Task details »
Write out all the data verbatim. Skip images.

━━━ Extracted records ━━━

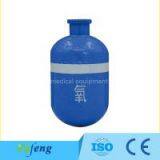 Oxygen Cylinder thumbnail-1
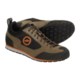 Scarpa Expresso Approach Shoes (For Men)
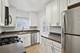 2602 Bennett Unit 3W, Evanston, IL 60201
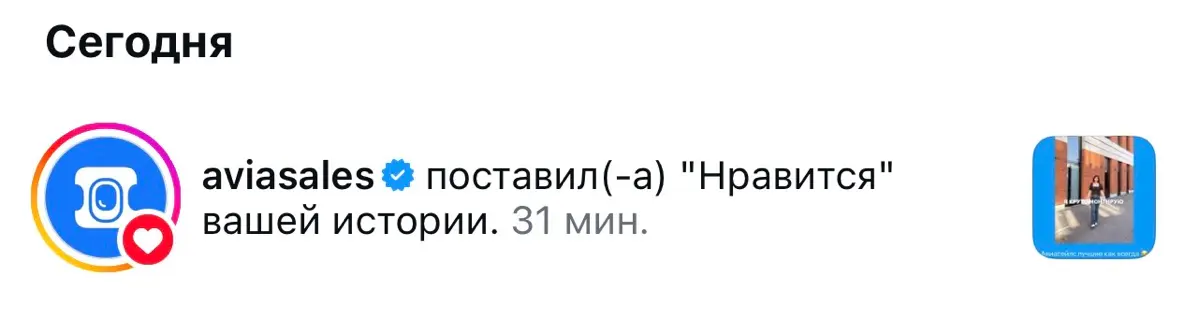 Добавлю в портфолио в раздел «Мои достижения» 😂 | Сетка — социальная сеть от hh.ru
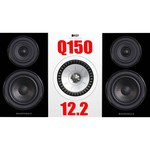 KEF Q150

━━━

Solution below »
 Oxygen Cylinder thumbnail-1
 Scarpa Expresso Approach Shoes (For Men)
 2602 Bennett Unit 3W, Evanston, IL 60201
 Добавлю в портфолио в раздел «Мои достижения» 😂 | Сетка — социальная сеть от hh.ru
 KEF Q150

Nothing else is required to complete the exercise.